Lemnus (Λῆμνος), ca. 500 km² groot eiland in het
noorden van de Aegeïsche Zee, gelegen halverwege
de berg Athos en de Troas, thans Limnos geheten.
Het heuvelachtige eiland, dat
grotendeels uit lei en vulkanisch gesteente bestaat,
wordt door twee baaien in twee delen verdeeld,
waarvan vooral het oostelijke zeer vruchtbaar is.
L. was reeds in het 3e en 2e millennium vC dicht
bevolkt, waarvan italiaanse opgravingen sinds 1926
met name in Poliochni en Efestia op de oostkust
indrukwekkende getuigenissen aan het licht hebben
gebracht; in het bronzen tijdperk was het eiland
cultureel nauw verbonden met Troje
en Lesbus.
Als oudste, voorgriekse bewoners noemt Homerus de thracische Sintiërs, Herodotus (6, 131) en Thucydides (4, 109) Pelasgen en Tyrseners. Van een van dezen moet een in 1885 bij Kaminia ontdekte grafinscriptie stammen, die uit de 6e eeuw vC dateert en vermoedelijk in een met het etruskisch verwante taal is gesteld (IG 12, 8).
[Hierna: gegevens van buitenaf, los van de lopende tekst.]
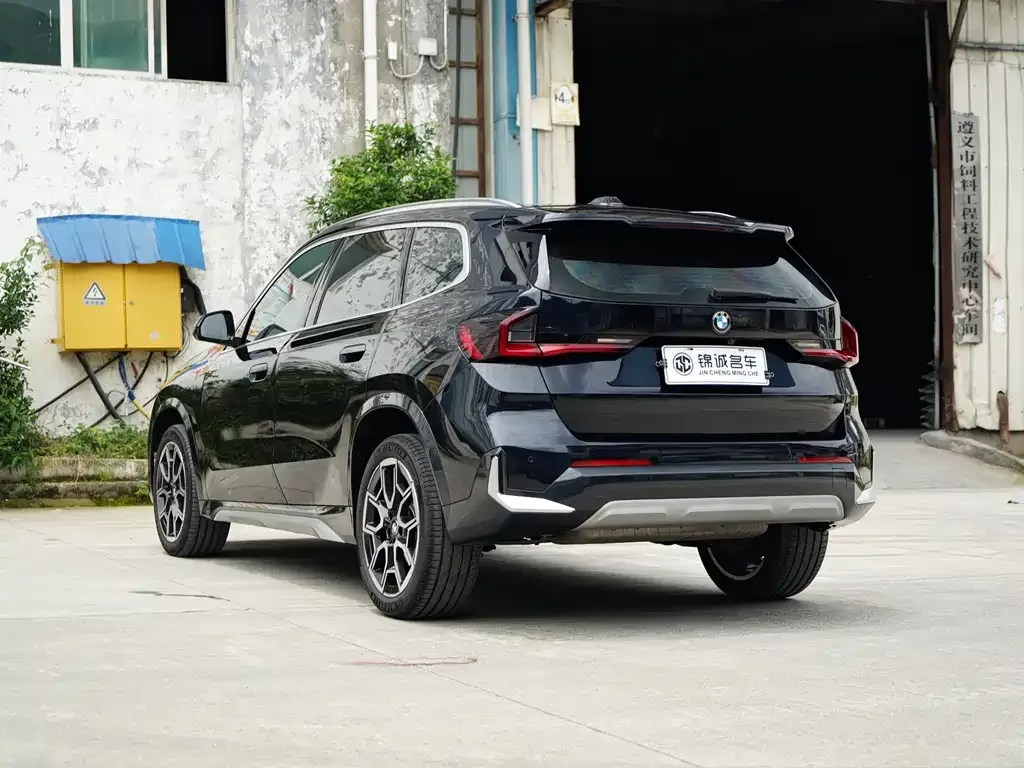 BMW X1 2024 из CN, фото 3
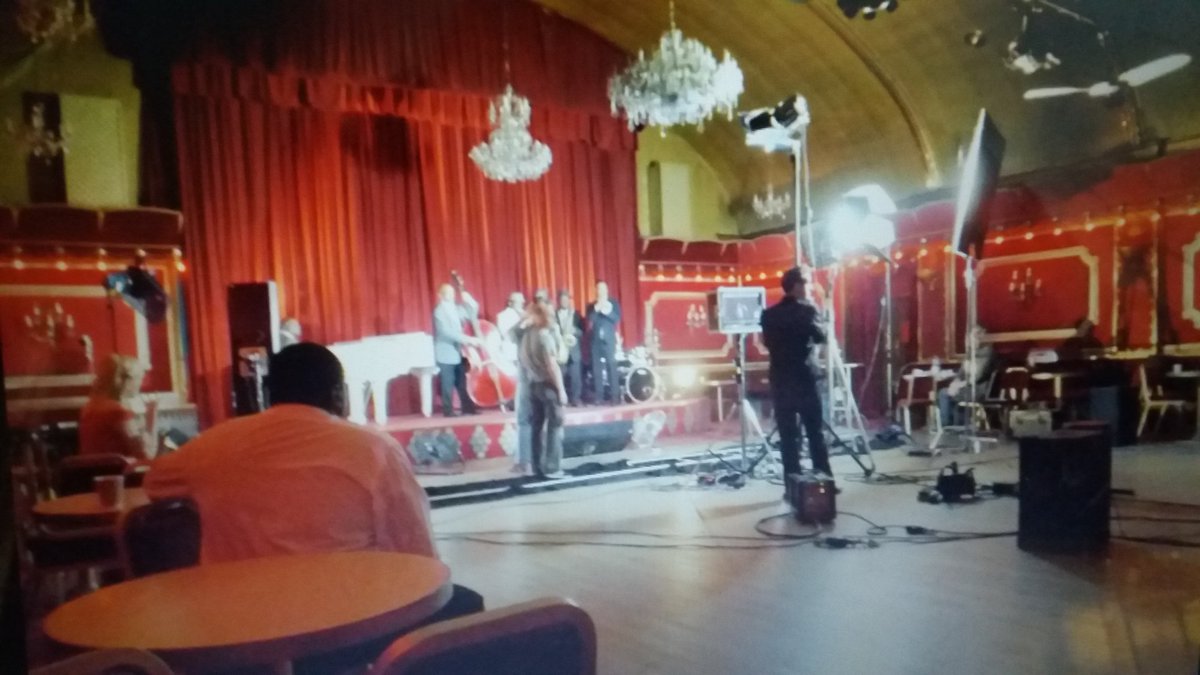 FiveStarFan's tweet photo. Looking through some photos. Any @MsDenisePearson or @5starofficial fans recognise this? The #FreakDance video shoot I was lucky 2 be there https://t.co/ihIRPkUIqi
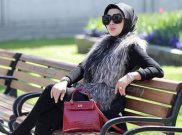 Syahrini: Jangan Hanya Komentar tapi Lakukan Sesuatu untuk Palestina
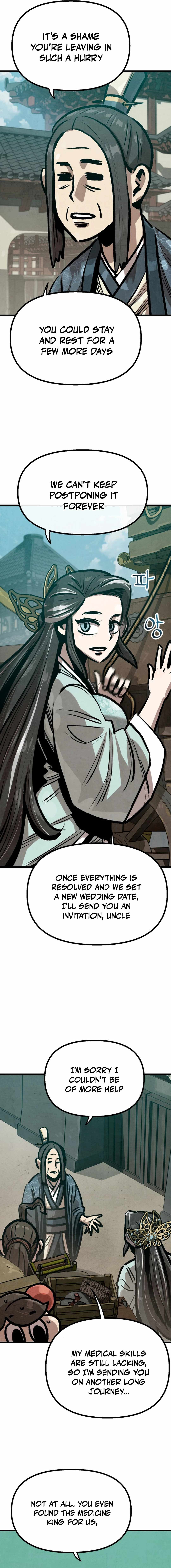 Using My Cooking Skills in a Murim World Chapter 33 page 2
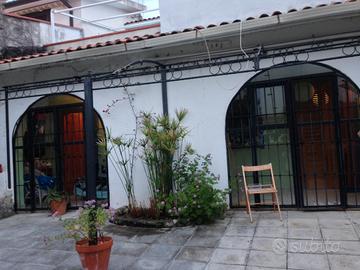 Cirella grazioso appartamento con giardino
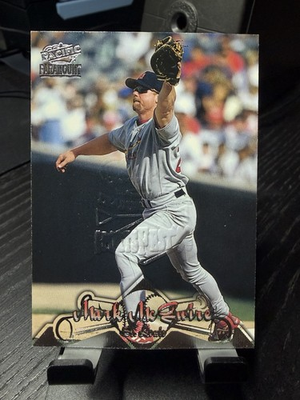 #ad 1998 Pacific Paramount Mark McGwire #232 $15.00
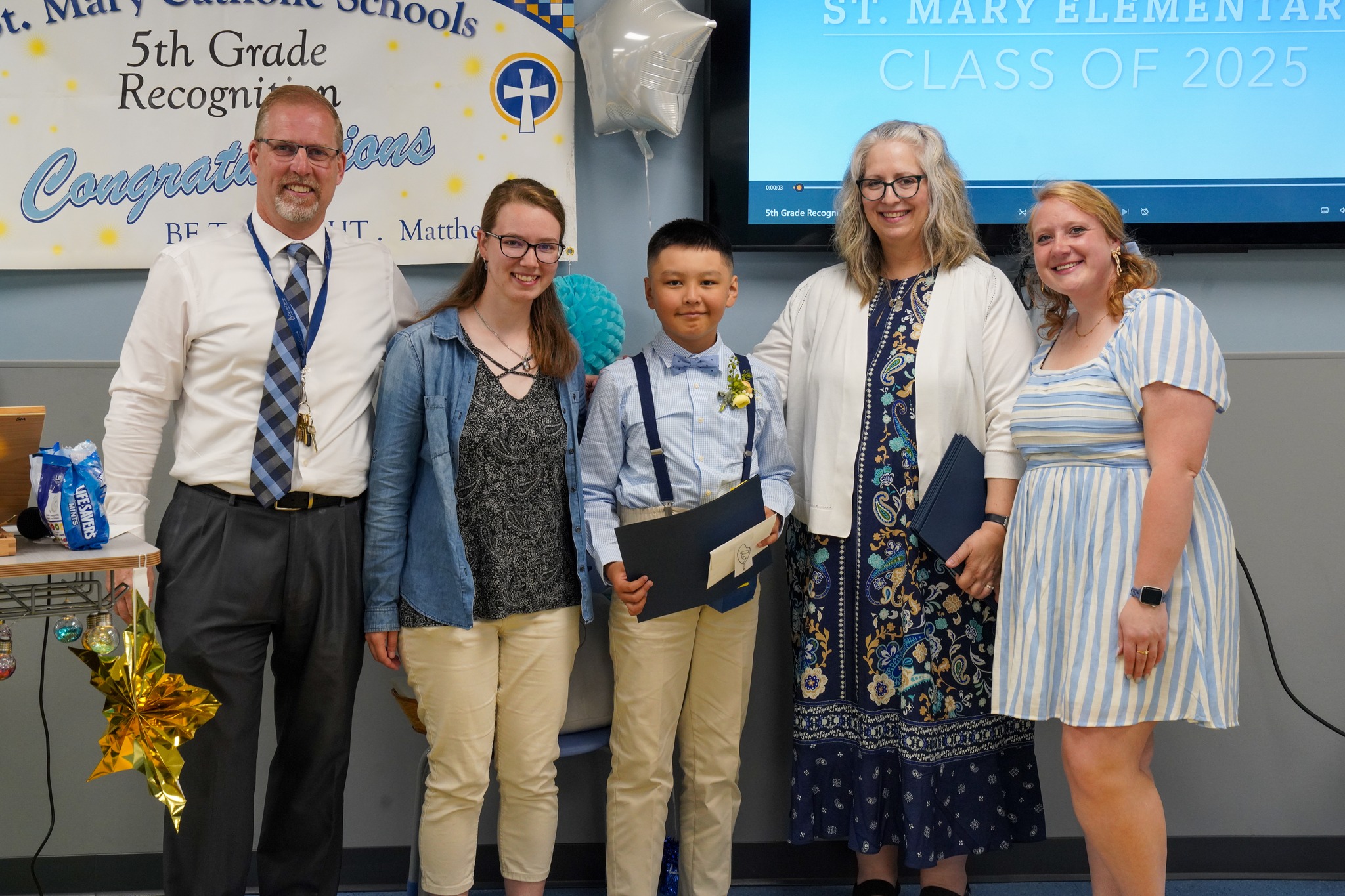 St. Mary Catholic Schools... - St. Mary Catholic Schools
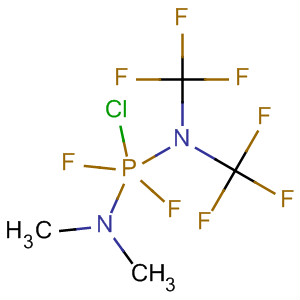 CAS No 61527-39-7  Molecular Structure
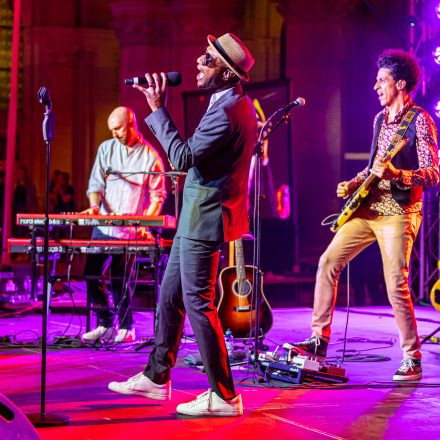 Aloe Blacc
Vanaf de 8e eeuw vC werd L. gehelleniseerd, maar
of er vóór de 6e eeuw al Grieken woonden is twijfelachtig.
Tussen 520 en 500 veroverde Miltiades
vanaf de thracische Chersonesus het eiland voor
Athene, dat er een cleruchie
vestigde en in welks
bezit het met enkele onderbrekingen bleef tot ca.
200 nC. Van 404 tot 393 stond het onder Sparta,
van 318 tot 307 onder
Antigonus I, van 287 tot
281 onder Lysimachus,
van 201 tot 166 vC onder
Philippus V
en Perseus
van Macedonië. De belangrijkste
steden waren Myrina op de westkust, de
huidige hoofdstad, en Hephaestia op de noordoostkust.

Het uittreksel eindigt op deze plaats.